Quantum mean-field treatment of the dynamics of a two-level atom in a simple cubic lattice
Yamen Hamdouni

TL;DR
This paper uses mean-field approximation to analyze the dynamics of a two-level atom in a ferromagnetic lattice near the Curie temperature, revealing effects of magnetic field direction and temperature on dephasing, occupation probability, and entanglement.
Contribution
It introduces a quantum mean-field approach to study atom-lattice dynamics, deriving self-consistency equations and analyzing entanglement behavior near phase transition.
Findings
Magnetic field direction influences dephasing and excited state occupation.
Thermal fluctuations reduce excited state occupation probability.

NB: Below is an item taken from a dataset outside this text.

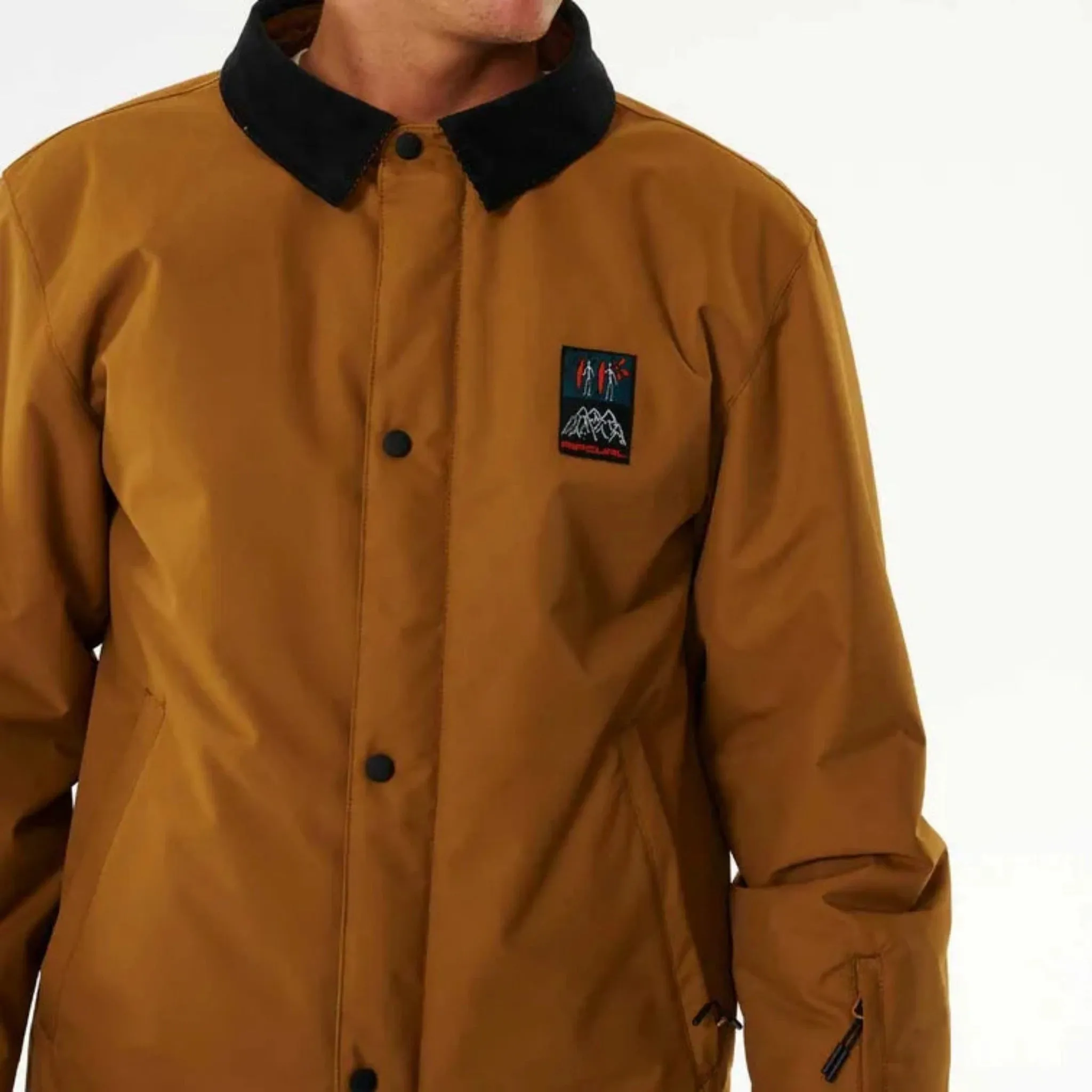 Rip Curl Coaches Snow Jacket - Gold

Entanglement exhibits sudden death and revival near critical temperature.
Abstract
The mean field approximation is used to investigate the general features of the dynamics of a two-level atom in a ferromagnetic lattice close to the Curie temperature. Various analytical and numerical results are obtained. We first linearize the lattice Hamiltonian, and we derive the self-consistency equation for the order parameter of the phase transition for arbitrary direction of the magnetic field. The reduced dynamics is deduced by tracing out the degrees of freedom of the lattice, which results in the reduction of the dynamics to that of an atom in an effective spin bath whose size is equal to the size of a unit cell of the lattice. It is found that the dephasing and the excited state occupation probability may be enhanced by applying the magnetic field along some specific directions. The dependence on the change of the temperature and the magnitude of spin is also investigated.…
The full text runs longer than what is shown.